Whosoever has firmly accepted this _censorship_ as the chief motive for
the distortion of dreams will not be surprised to learn as the result of
dream interpretation that most of the dreams of adults are traced by
analysis to erotic desires. This assertion is not drawn from dreams
obviously of a sexual nature, which are known to all dreamers from their
own experience, and are the only ones usually described as "sexual
dreams. " These dreams are ever sufficiently mysterious by reason of the
choice of persons who are made the objects of sex, the removal of all
the barriers which cry halt to the dreamer's sexual needs in his waking
state, the many strange reminders as to details of what are called
perversions. But analysis discovers that, in many other dreams in whose
manifest content nothing erotic can be found, the work of interpretation
shows them up as, in reality, realization of sexual desires; whilst, on
the other hand, that much of the thought-making when awake, the thoughts
saved us as surplus from the day only, reaches presentation in dreams
with the help of repressed erotic desires.
Towards the explanation of this statement, which is no theoretical
postulate, it must be remembered that no other class of instincts has
required so vast a suppression at the behest of civilization as the
sexual, whilst their mastery by the highest psychical processes are in
most persons soonest of all relinquished. Since we have learnt to
understand _infantile sexuality_, often so vague in its expression, so
invariably overlooked and misunderstood, we are justified in saying that
nearly every civilized person has retained at some point or other the
infantile type of sex life; thus we understand that repressed infantile
sex desires furnish the most frequent and most powerful impulses for the
formation of dreams. [1]
If the dream, which is the expression of some erotic desire, succeeds in
making its manifest content appear innocently asexual, it is only
possible in one way. The matter of these sexual presentations cannot be
exhibited as such, but must be replaced by allusions, suggestions, and
similar indirect means; differing from other cases of indirect
presentation, those used in dreams must be deprived of direct
understanding. The means of presentation which answer these requirements
are commonly termed "symbols. " A special interest has been directed
towards these, since it has been observed that the dreamers of the same
language use the like symbols--indeed, that in certain cases community
of symbol is greater than community of speech. Since the dreamers do not
themselves know the meaning of the symbols they use, it remains a puzzle
whence arises their relationship with what they replace and denote. The
fact itself is undoubted, and becomes of importance for the technique of
the interpretation of dreams, since by the aid of a knowledge of this
symbolism it is possible to understand the meaning of the elements of a
dream, or parts of a dream, occasionally even the whole dream itself,
without having to question the dreamer as to his own ideas. We thus come
near to the popular idea of an interpretation of dreams, and, on the
other hand, possess again the technique of the ancients, among whom the
interpretation of dreams was identical with their explanation through
symbolism.
Though the study of dream symbolism is far removed from finality, we now
possess a series of general statements and of particular observations
which are quite certain. There are symbols which practically always have
the same meaning: Emperor and Empress (King and Queen) always mean the
parents; room, a woman[2], and so on. The sexes are represented by a
great variety of symbols, many of which would be at first quite
incomprehensible had not the clews to the meaning been often obtained
through other channels.
There are symbols of universal circulation, found in all dreamers, of
one range of speech and culture; there are others of the narrowest
individual significance which an individual has built up out of his own
material. In the first class those can be differentiated whose claim can
be at once recognized by the replacement of sexual things in common
speech (those, for instance, arising from agriculture, as reproduction,
seed) from others whose sexual references appear to reach back to the
earliest times and to the obscurest depths of our image-building. The
power of building symbols in both these special forms of symbols has not
died out. Recently discovered things, like the airship, are at once
brought into universal use as sex symbols.

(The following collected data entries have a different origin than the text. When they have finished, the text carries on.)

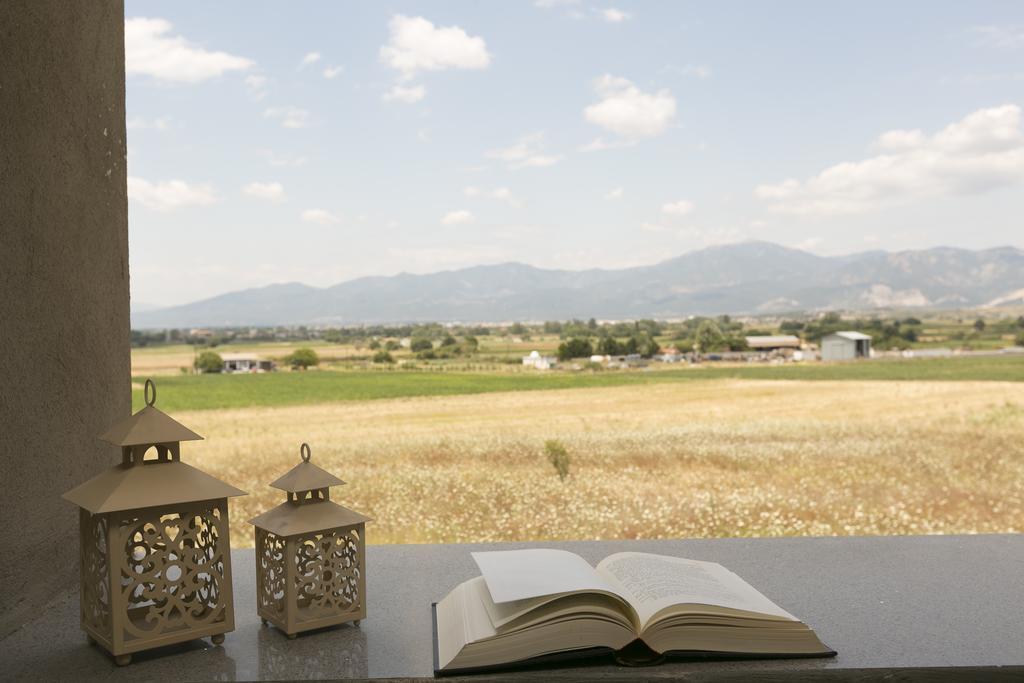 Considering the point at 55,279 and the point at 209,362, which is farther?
the point at 209,362

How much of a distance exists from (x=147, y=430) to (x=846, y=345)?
401 centimetres

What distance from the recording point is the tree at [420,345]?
4332 millimetres

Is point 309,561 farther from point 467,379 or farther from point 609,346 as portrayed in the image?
point 609,346

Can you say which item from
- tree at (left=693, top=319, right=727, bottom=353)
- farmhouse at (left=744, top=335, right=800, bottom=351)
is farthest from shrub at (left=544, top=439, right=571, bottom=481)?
farmhouse at (left=744, top=335, right=800, bottom=351)

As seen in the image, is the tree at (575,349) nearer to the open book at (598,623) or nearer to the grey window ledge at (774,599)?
the grey window ledge at (774,599)

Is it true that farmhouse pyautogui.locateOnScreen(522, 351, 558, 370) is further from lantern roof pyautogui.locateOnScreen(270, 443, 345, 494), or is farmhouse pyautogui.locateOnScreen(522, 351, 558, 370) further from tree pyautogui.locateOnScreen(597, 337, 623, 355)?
lantern roof pyautogui.locateOnScreen(270, 443, 345, 494)

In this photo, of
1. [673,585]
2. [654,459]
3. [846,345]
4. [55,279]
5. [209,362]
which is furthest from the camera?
[846,345]

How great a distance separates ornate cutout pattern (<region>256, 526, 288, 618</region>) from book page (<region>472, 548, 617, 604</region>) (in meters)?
0.28

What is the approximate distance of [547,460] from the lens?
4.07 m

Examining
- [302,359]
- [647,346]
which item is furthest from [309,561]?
[647,346]

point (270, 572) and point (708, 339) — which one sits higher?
point (708, 339)

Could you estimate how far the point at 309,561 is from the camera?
46.4 inches

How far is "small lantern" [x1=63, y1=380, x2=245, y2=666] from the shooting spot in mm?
1054

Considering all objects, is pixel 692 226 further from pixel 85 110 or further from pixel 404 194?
pixel 85 110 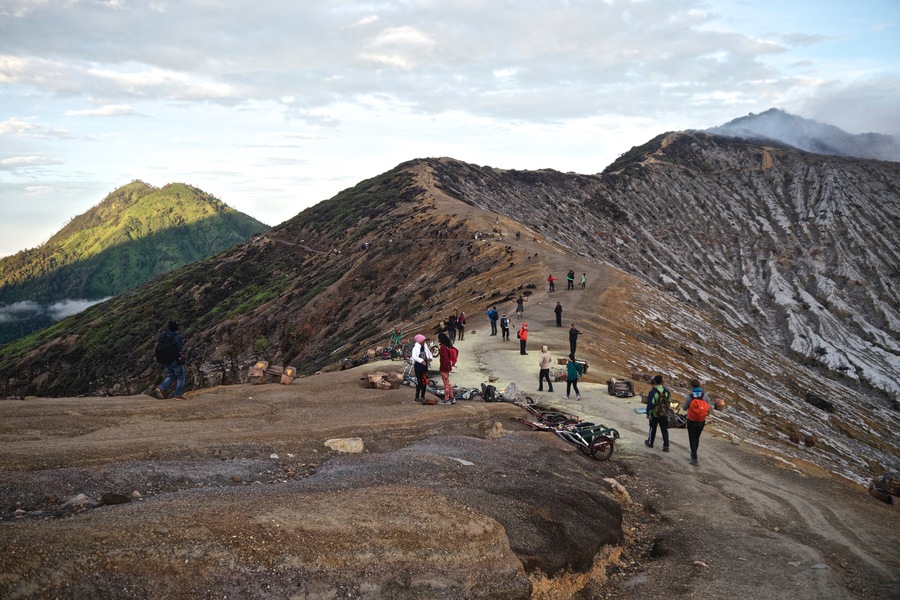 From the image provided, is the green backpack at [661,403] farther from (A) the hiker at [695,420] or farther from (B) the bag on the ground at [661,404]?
(A) the hiker at [695,420]

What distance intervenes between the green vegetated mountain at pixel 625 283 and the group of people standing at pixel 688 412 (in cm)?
539

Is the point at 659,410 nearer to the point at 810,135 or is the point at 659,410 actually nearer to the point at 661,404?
the point at 661,404

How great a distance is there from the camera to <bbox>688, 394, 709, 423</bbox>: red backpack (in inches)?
607

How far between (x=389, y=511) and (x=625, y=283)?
41236 millimetres

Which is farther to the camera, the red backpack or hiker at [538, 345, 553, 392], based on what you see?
hiker at [538, 345, 553, 392]

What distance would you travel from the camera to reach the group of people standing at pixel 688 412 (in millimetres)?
15445

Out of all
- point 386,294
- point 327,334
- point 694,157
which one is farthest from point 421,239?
point 694,157

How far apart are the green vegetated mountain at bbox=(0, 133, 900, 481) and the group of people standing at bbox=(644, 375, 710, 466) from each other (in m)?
5.39

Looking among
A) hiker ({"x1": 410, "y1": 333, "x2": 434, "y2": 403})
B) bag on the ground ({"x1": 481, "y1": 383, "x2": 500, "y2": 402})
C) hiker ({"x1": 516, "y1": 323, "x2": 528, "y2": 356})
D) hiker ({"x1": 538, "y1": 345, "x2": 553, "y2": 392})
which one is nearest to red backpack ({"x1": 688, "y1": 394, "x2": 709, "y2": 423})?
bag on the ground ({"x1": 481, "y1": 383, "x2": 500, "y2": 402})

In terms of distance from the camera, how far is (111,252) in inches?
6954

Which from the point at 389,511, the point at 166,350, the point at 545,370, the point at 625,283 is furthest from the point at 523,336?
the point at 625,283

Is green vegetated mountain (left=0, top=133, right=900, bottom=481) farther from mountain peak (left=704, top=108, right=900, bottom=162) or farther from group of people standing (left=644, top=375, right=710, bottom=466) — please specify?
mountain peak (left=704, top=108, right=900, bottom=162)

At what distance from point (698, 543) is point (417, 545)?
5.73 m

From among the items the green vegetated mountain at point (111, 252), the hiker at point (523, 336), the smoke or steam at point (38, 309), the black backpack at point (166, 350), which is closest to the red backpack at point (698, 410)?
the hiker at point (523, 336) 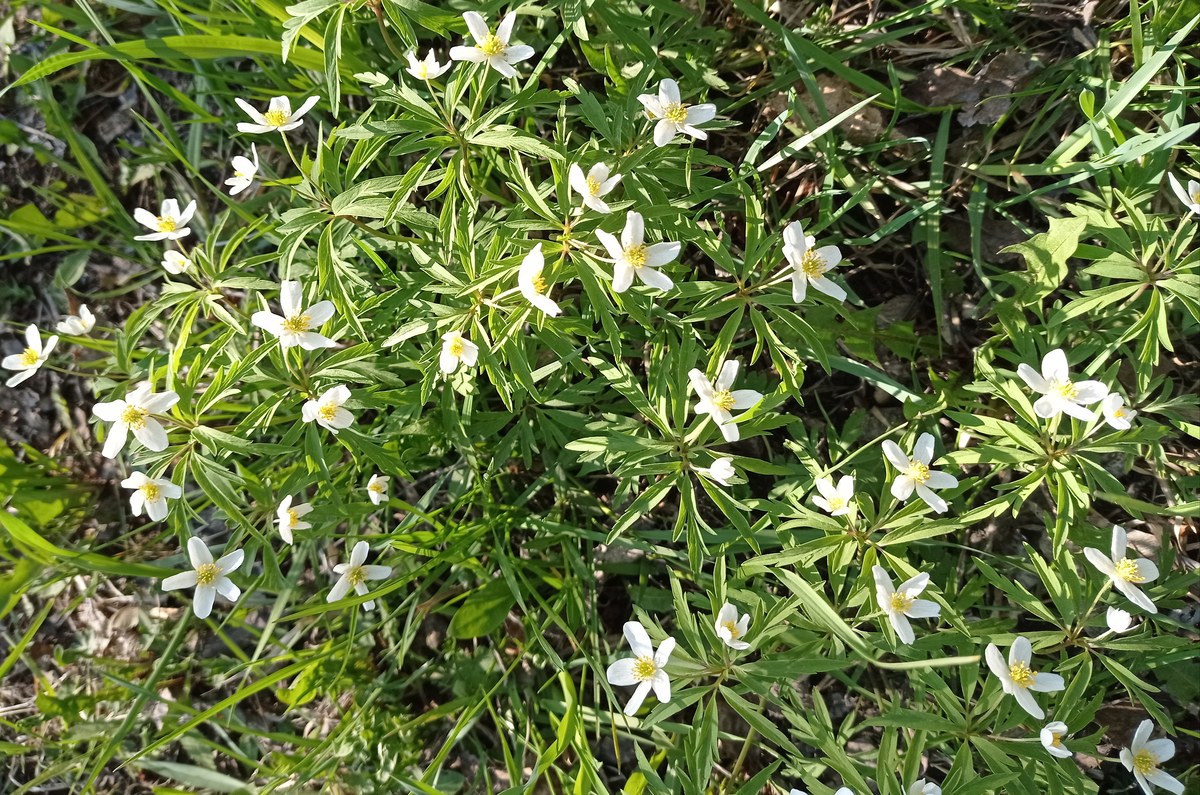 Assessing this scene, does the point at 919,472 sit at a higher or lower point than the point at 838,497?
higher

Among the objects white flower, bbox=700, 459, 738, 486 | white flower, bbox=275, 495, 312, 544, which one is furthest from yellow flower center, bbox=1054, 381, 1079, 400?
white flower, bbox=275, 495, 312, 544

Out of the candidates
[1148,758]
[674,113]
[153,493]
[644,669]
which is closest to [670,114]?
[674,113]

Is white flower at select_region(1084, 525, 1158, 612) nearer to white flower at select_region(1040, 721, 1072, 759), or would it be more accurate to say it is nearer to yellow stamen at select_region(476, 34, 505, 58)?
white flower at select_region(1040, 721, 1072, 759)

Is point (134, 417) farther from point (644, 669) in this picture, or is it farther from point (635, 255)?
point (644, 669)

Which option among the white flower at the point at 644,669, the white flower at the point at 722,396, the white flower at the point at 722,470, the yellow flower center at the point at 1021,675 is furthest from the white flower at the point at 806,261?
the yellow flower center at the point at 1021,675

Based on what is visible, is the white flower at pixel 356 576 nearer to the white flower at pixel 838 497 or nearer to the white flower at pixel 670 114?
the white flower at pixel 838 497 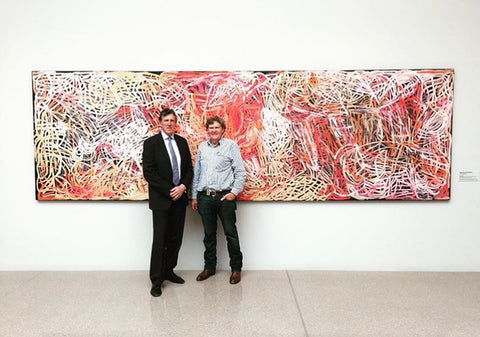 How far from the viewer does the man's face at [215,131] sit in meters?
3.14

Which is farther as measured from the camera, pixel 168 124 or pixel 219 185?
pixel 219 185

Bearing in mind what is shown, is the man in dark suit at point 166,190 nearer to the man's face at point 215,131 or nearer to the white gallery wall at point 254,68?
the man's face at point 215,131

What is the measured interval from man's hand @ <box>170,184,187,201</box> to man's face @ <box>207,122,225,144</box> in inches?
21.0

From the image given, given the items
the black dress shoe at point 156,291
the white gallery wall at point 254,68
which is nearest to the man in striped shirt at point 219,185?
the white gallery wall at point 254,68

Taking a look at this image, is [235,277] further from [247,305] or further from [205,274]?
[247,305]

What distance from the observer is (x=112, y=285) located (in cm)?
311

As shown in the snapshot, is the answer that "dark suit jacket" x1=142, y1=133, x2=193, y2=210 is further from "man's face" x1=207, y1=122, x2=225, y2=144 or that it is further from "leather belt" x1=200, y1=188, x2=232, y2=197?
"man's face" x1=207, y1=122, x2=225, y2=144

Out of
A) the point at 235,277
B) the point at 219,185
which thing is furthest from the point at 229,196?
the point at 235,277

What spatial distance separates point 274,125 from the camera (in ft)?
11.1

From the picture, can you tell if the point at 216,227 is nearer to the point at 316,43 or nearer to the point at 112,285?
the point at 112,285

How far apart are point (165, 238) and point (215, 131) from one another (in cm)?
107

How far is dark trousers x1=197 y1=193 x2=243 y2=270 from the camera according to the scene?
125 inches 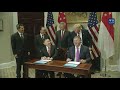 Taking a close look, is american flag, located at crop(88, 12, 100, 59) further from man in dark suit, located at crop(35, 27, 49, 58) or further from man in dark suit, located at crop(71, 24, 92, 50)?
man in dark suit, located at crop(35, 27, 49, 58)

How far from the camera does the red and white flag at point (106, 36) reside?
17.3 ft

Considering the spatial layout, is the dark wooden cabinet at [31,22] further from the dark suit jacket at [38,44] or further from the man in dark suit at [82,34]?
the man in dark suit at [82,34]

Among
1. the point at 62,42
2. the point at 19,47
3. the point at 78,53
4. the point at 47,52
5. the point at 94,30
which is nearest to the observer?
the point at 78,53

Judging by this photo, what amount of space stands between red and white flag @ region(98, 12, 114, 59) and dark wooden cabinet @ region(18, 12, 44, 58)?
1.52 metres

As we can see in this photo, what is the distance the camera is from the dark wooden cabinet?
5087 mm

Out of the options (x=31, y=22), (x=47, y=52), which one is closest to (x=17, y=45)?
(x=47, y=52)

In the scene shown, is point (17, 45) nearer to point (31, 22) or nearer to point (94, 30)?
point (31, 22)

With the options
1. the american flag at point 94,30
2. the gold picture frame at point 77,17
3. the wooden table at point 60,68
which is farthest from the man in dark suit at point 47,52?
the gold picture frame at point 77,17

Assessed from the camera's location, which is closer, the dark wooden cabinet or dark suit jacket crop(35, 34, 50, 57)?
dark suit jacket crop(35, 34, 50, 57)

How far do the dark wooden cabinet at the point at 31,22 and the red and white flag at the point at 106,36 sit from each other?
1520 mm

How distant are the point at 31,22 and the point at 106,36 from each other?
183 centimetres

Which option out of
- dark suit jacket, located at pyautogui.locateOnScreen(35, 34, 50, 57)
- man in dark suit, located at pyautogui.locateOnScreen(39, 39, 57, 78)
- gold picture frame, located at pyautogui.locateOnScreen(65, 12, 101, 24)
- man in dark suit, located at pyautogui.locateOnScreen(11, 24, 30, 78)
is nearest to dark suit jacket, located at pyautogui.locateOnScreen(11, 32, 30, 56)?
man in dark suit, located at pyautogui.locateOnScreen(11, 24, 30, 78)

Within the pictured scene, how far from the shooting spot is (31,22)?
5.69m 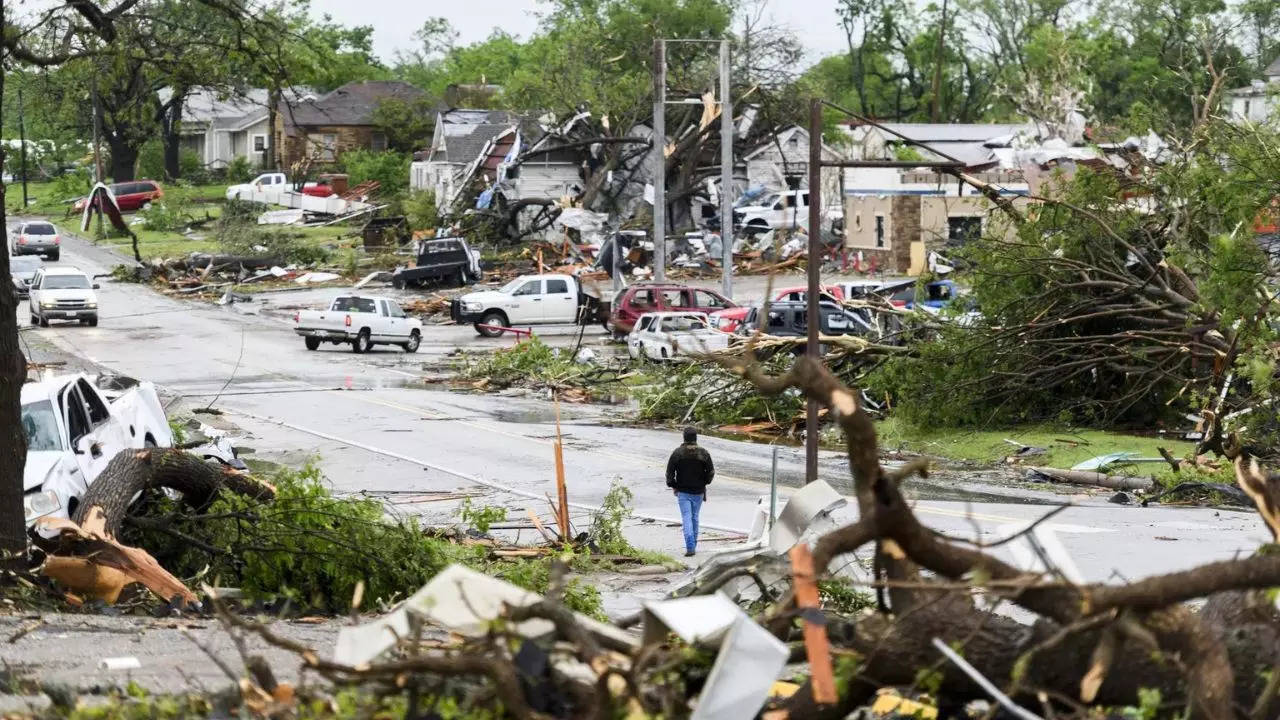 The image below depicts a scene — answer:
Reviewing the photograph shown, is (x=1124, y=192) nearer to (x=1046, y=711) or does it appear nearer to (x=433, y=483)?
(x=433, y=483)

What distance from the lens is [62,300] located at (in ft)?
140

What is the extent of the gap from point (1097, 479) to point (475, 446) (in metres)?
8.62

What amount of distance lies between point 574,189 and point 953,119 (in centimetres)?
4382

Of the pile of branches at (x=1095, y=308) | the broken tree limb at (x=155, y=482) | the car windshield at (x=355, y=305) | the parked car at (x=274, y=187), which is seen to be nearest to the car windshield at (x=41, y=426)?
the broken tree limb at (x=155, y=482)

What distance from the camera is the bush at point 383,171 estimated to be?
266 feet

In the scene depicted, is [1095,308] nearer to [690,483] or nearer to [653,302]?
[690,483]

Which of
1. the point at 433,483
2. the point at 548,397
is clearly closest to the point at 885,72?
the point at 548,397

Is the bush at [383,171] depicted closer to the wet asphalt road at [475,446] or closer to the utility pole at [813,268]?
the wet asphalt road at [475,446]

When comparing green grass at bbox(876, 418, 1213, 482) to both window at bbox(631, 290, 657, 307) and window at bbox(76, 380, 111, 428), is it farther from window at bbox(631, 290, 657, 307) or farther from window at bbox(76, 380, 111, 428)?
window at bbox(631, 290, 657, 307)

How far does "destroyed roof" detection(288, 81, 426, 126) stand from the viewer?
303 feet

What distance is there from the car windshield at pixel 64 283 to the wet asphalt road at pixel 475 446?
122 cm

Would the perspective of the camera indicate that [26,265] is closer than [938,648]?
No

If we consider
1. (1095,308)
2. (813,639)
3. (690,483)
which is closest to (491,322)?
(1095,308)

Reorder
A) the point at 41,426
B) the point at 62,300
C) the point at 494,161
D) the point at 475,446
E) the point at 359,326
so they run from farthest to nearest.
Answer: the point at 494,161 < the point at 62,300 < the point at 359,326 < the point at 475,446 < the point at 41,426
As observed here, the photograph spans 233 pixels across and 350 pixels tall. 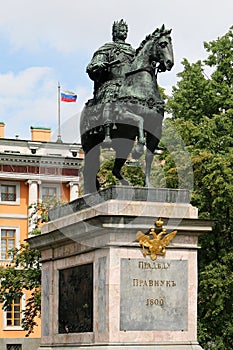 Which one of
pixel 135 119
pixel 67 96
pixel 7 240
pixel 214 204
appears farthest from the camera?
pixel 7 240

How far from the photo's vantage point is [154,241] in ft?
55.6

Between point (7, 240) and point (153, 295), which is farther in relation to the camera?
point (7, 240)

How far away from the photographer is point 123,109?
17.8m

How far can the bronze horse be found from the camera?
58.4ft

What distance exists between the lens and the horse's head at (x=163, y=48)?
17844mm

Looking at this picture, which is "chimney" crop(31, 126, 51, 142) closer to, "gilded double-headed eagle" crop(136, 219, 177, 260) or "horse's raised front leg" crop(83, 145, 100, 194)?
"horse's raised front leg" crop(83, 145, 100, 194)

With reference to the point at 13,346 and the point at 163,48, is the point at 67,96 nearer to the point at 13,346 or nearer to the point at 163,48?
the point at 13,346

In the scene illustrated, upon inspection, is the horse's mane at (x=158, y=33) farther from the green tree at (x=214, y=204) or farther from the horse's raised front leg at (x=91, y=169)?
the green tree at (x=214, y=204)

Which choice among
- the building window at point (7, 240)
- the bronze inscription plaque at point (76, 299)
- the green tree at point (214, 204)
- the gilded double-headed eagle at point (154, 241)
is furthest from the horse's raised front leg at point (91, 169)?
the building window at point (7, 240)

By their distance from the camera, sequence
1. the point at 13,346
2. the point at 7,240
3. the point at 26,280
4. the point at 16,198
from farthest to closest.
A: the point at 16,198 < the point at 7,240 < the point at 13,346 < the point at 26,280

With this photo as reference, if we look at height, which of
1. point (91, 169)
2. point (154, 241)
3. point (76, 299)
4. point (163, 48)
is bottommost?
point (76, 299)

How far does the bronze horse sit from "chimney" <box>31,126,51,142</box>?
4699 cm

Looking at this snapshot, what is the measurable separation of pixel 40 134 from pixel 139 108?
1888 inches

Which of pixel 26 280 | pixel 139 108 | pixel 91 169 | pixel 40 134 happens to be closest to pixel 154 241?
pixel 139 108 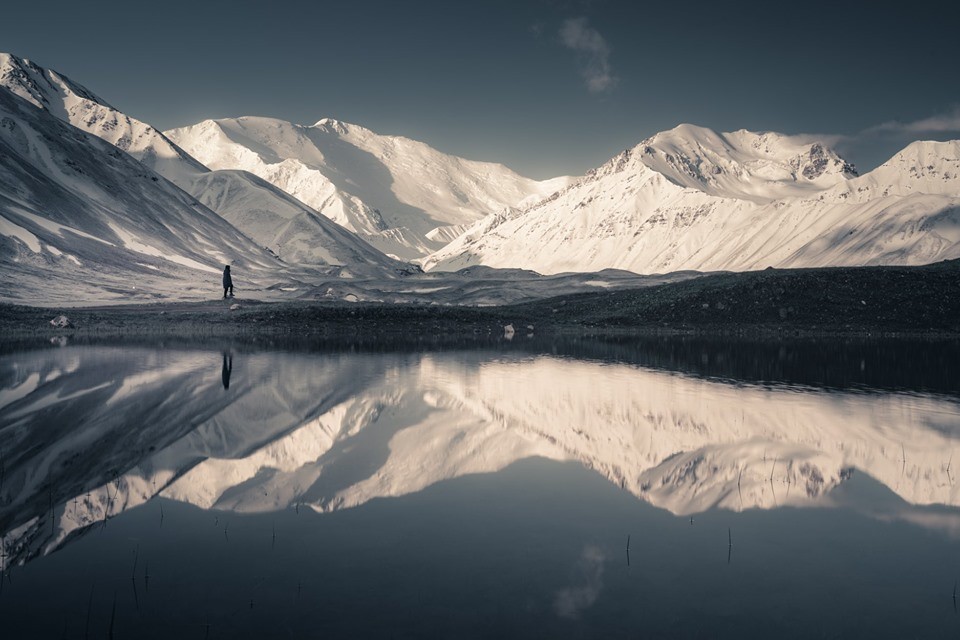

It would be quite an error to suppose that a profounder knowledge of
dream symbolism (the "Language of Dreams") would make us independent of
questioning the dreamer regarding his impressions about the dream, and
would give us back the whole technique of ancient dream interpreters.
Apart from individual symbols and the variations in the use of what is
general, one never knows whether an element in the dream is to be
understood symbolically or in its proper meaning; the whole content of
the dream is certainly not to be interpreted symbolically. The knowledge
of dream symbols will only help us in understanding portions of the
dream content, and does not render the use of the technical rules
previously given at all superfluous. But it must be of the greatest
service in interpreting a dream just when the impressions of the dreamer
are withheld or are insufficient.
Dream symbolism proves also indispensable for understanding the
so-called "typical" dreams and the dreams that "repeat themselves. "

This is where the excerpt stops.